I look at class features that would be interesting and figure out what's an angle I haven't taken before.
For example, I played a war orphaned human monk in an Eberron campaign, who was a bit anti-social because of his upbringing. In a Rise of the Rune Lords campaign, I chose to play a halfling ranger, because of the boost to charisma and was the party face.
I find reading through the background books on the campaign setting helps in figuring out what type of characters would be viable, especially with regards to how, when and where they learned their class.
For example, in the Rise of the Rune Lords campaign, I'd flirted with the idea of playing a Tian witch, who was a scholar come to explore the ruins of Varisia because witch's should have high intelligence scores and it makes sense for a smart character to study/learn to expand his knowledge. I chose not to go that route, because the earlier character I played was a human and I wanted to play another race.

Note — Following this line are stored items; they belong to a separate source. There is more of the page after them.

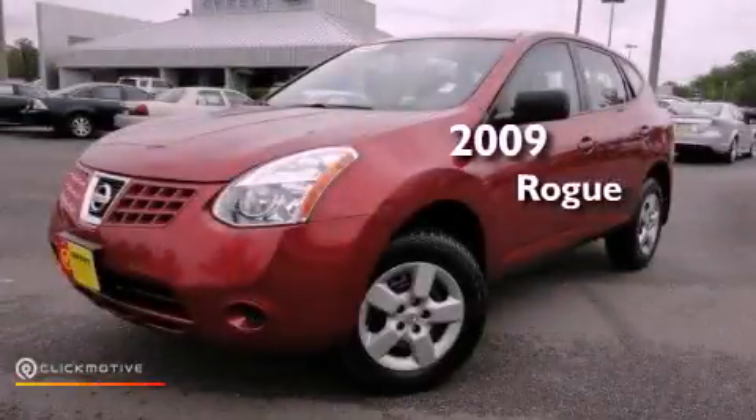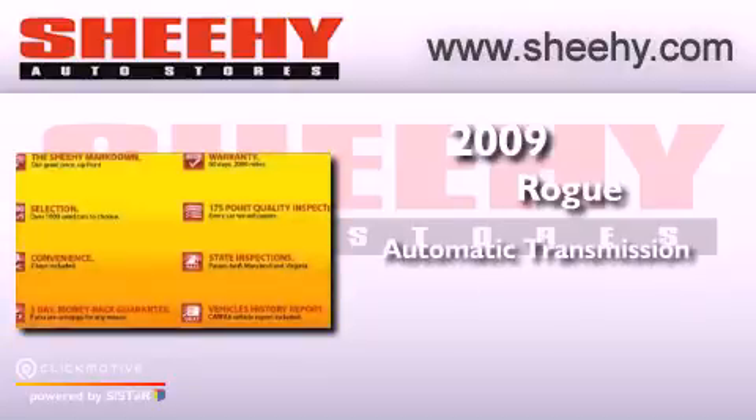This is a 2009 Nissan Rogue. This vehicle has seating for five adults and an inline four-cylinder engine.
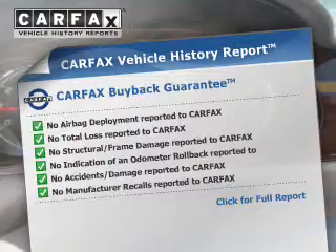Rest easy knowing this vehicle comes with a Carfax Vehicle History Report from Carfax, the most trusted provider of vehicle history information. Great quality at a great price. Call or click to contact us today.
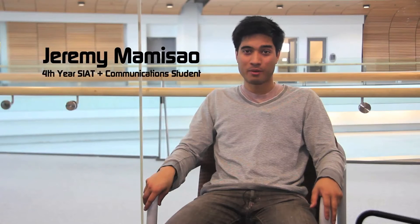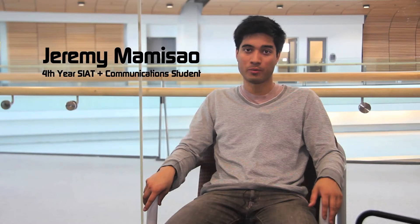Hi, my name is Jeremy Mamisau. I'm a fourth year CIAT student with a joint major with communications. A portfolio to me is a great place for you to put down all your work to show employers what you currently have going on and to also share more about yourself.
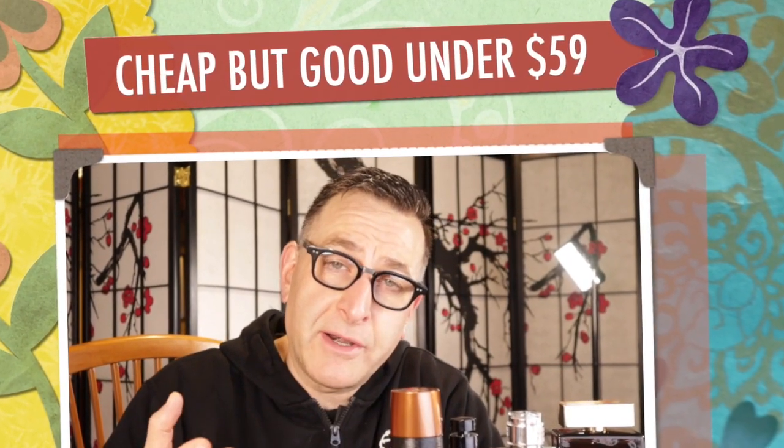In this video I've got more than 10 affordable fragrances, all under $59, built for cold weather. They've got a focus on compliment-getting, mass appeal fragrances — maybe some you've never even heard of.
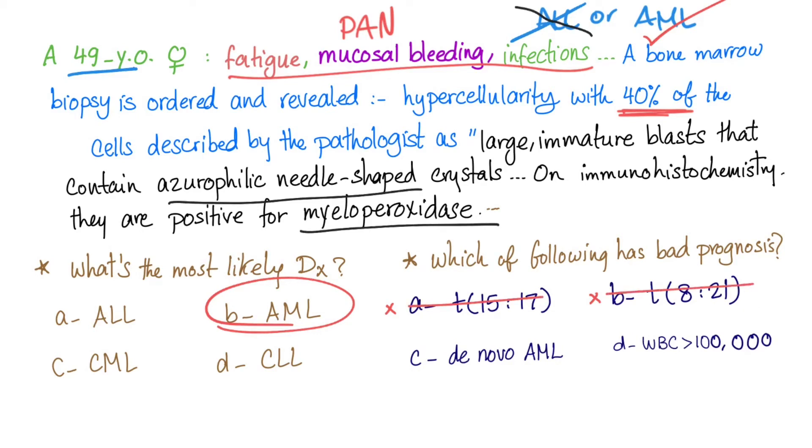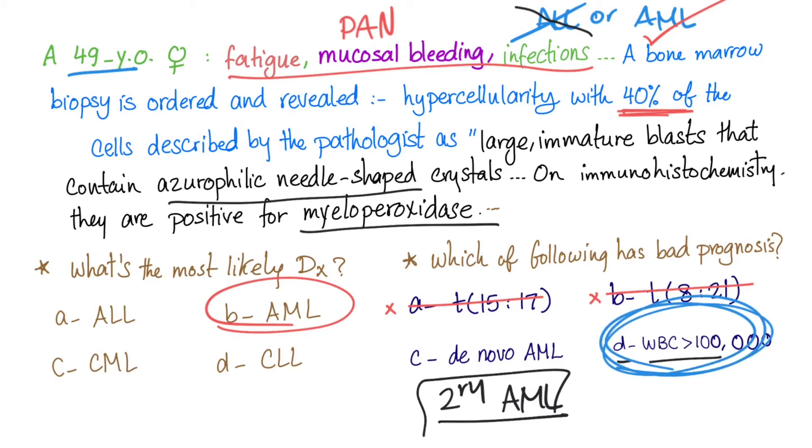What else? De novo AML — this is a bit vague. The question is trying to tell you that de novo AML is different from secondary AML. Between the two, secondary AML has the bad prognosis, so de novo carries a relatively better prognosis. Or option D: a white blood cell count of greater than 100,000 — this is the correct answer.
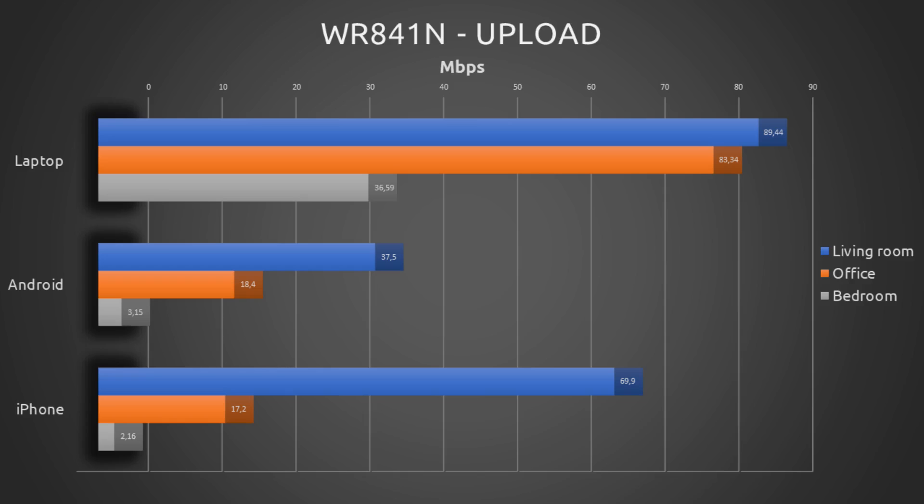So let's test the speeds with the new router, but before, let's check what's inside the box.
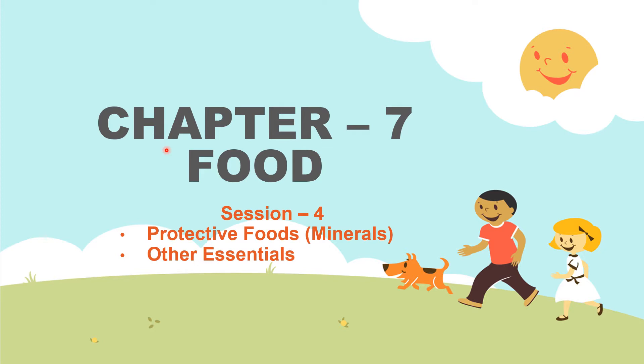Good morning, students. How are you? Hope you all are safe and healthy. Today, we are continuing with Chapter 7, Food. In this session, we will study about protective foods, minerals and other essentials.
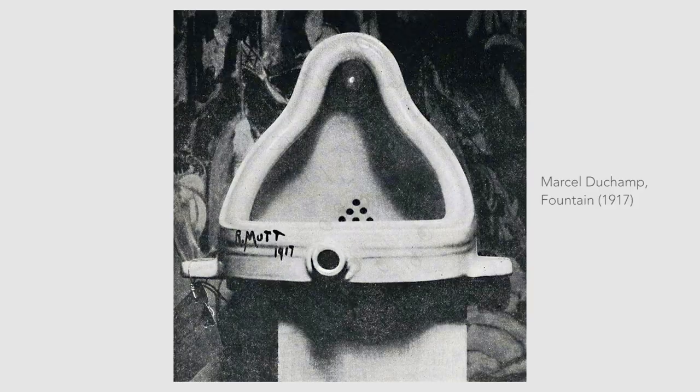However, Duchamp's most notorious ready-made came in 1917 when he created the Fountain. The Fountain was a men's urinal that was placed on its back, then signed by the artist with a false name.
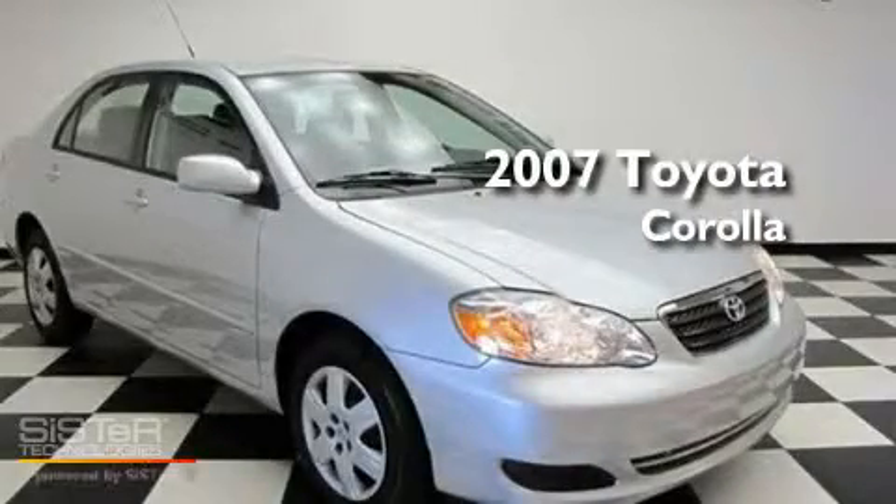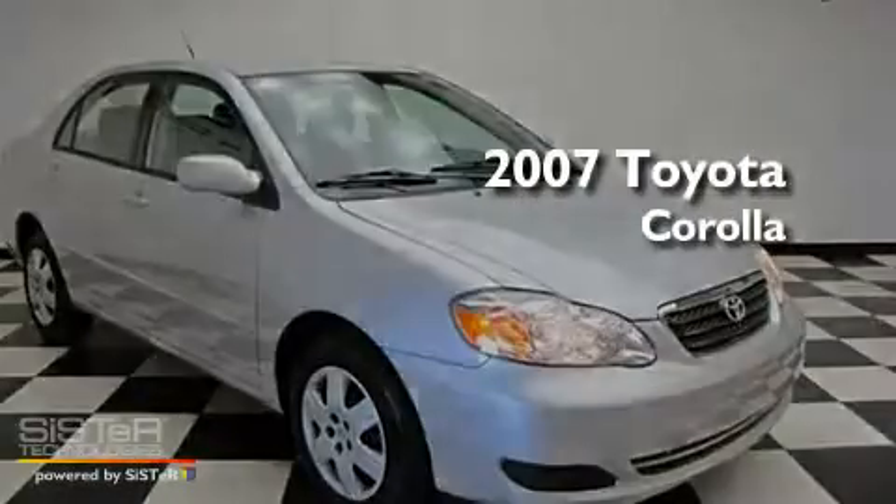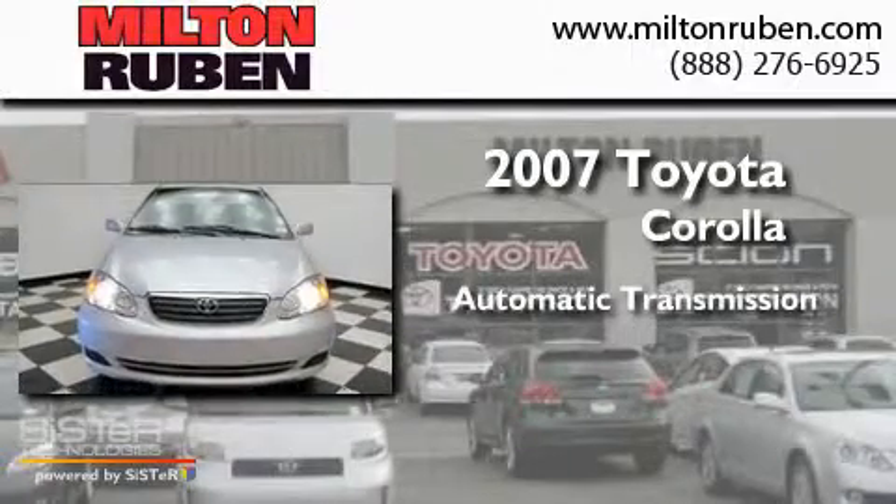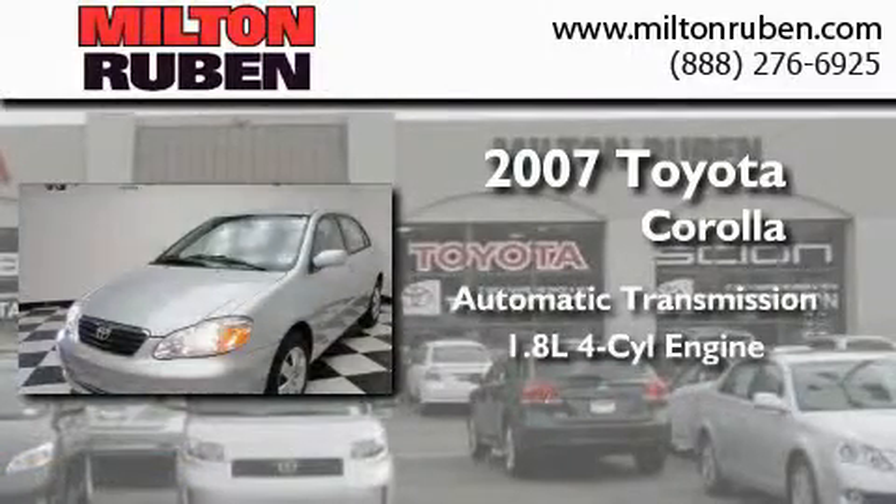This is a 2007 Toyota Corolla. This four-door sedan has an automatic transmission and an inline four-cylinder engine.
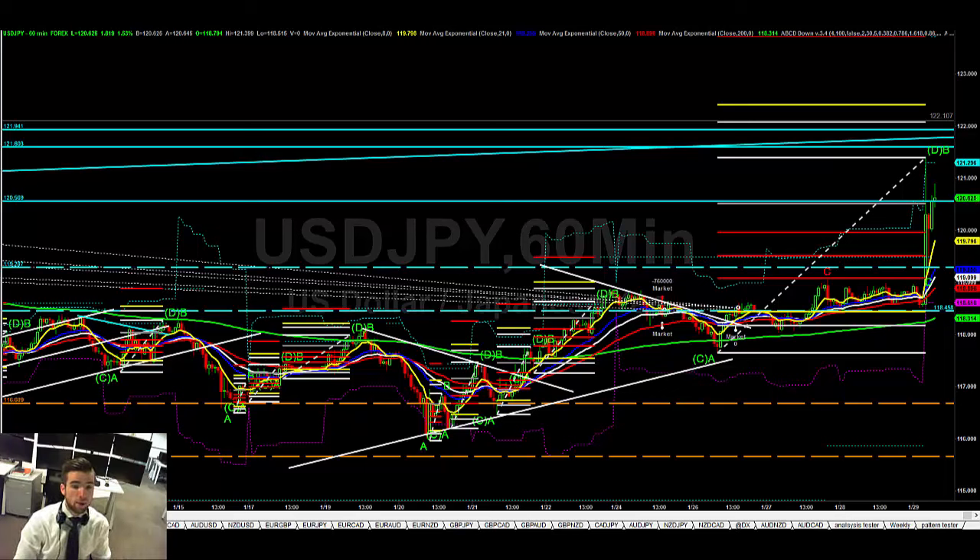Good morning guys, it's January the 29th. I'm Henry Green from London Trading Group and I'm just going to whip through what I'm looking for for this Friday's coming trading session.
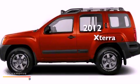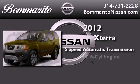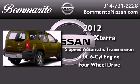This is a brand new 2012 Nissan Xterra. This vehicle has seating for 5 adults, a 4.0-liter V6, and the added capability of 4-wheel drive.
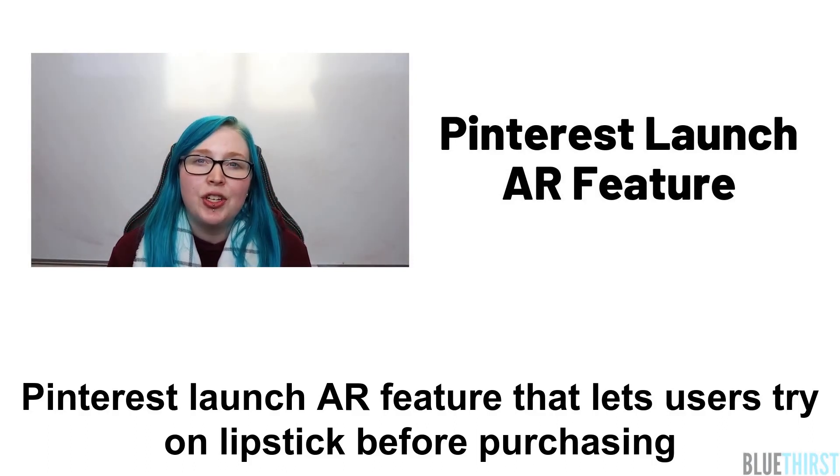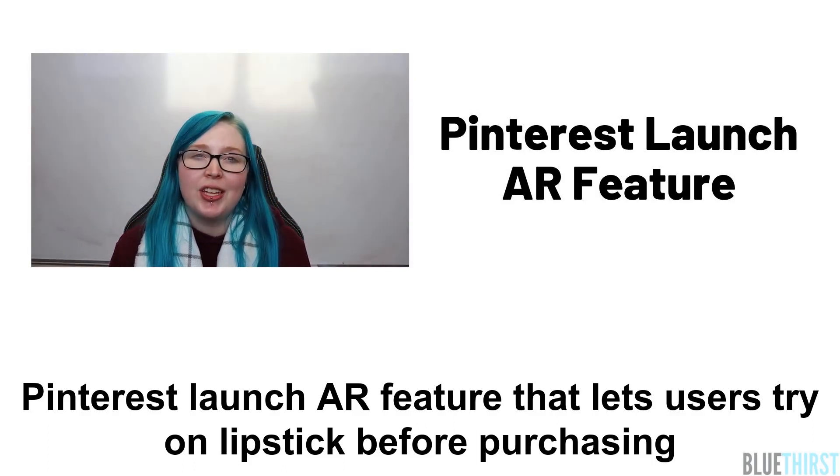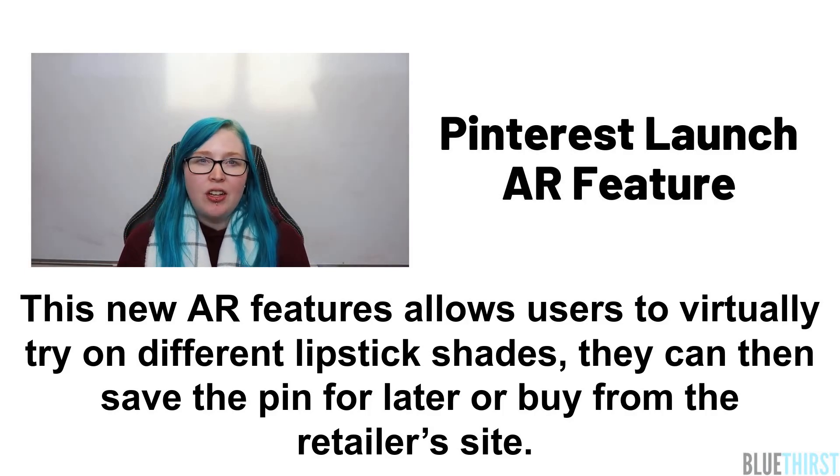Pinterest launched an AR feature that lets users try on lipstick before purchasing. This new AR feature allows users to virtually try on different lipstick shades, and they can then save the pin for later or buy from the retailer's site.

I read TV Tropes until I find a Trope I like then base a character around that personality.
An excellent source of inspiration, that.
For me, I start off with a class I want to play(which I discuss with the GM and any other players to see how it'll fit the party). Then, I barebones the backstory. For my latest character, her barebones backstory was "Only survivor of a destroyed village, cleric acolyte turned witch seeking vengeance upon the destroyer of the village."
Then, over the course of the next couple weeks, I seek inspiration. Sometimes it's random flashes of insight while I'm in the shower or listening to music. Other times, it's from TVTropes or other random web crawling. Still others, I'll be reading more on the class and it'll give me ideas that'll lead to more plans for the character. And others, the barebones gives me questions I need to answer which lead to further development.
Then I'll fully flesh out the character concept and backstory using these various ideas until I have a fully fleshed out character I want to play.
Some Random Dood wrote:It's something I have trouble with myself. So I'm curious how do other people come up with their character concepts?I read TV Tropes until I find a Trope I like then base a character around that personality. Most recently I created a Chaotic Good Blood Knight
step 1 click link.step 2 see Mufasa die
step 3 epic sad face
step 4 never click a another link
It depends. I've used minis, books, throw away lines form gaming products, movies, songs, or just let the chracter grow organically. Sometimes it'll grow out of an odd conversation.
One of 2 ways:
1) Start with a character from a movie or book. Then I change it enough that it is not recognizable (especially if it is a really common one such as wolverine or iron man). Then try to figure out how I would build it. I want to be Morralon from the Jerreg novels. The books call it a sorcerer but the description is probably closer to PF wizard. he still weapon fights great. So prob either a magus or ftr/wiz/ek. He doesn't seem to use armor, so lets go with the ftr/wiz/ek and use spells and items for defense. He does seem to lose his temper alot and hack people to bits, so maybe I should see if I can make a raging bar/wiz/ek build work. etc... I use a backstory similar to what is in the book or movie, again with enough changes that most people won't recognize it.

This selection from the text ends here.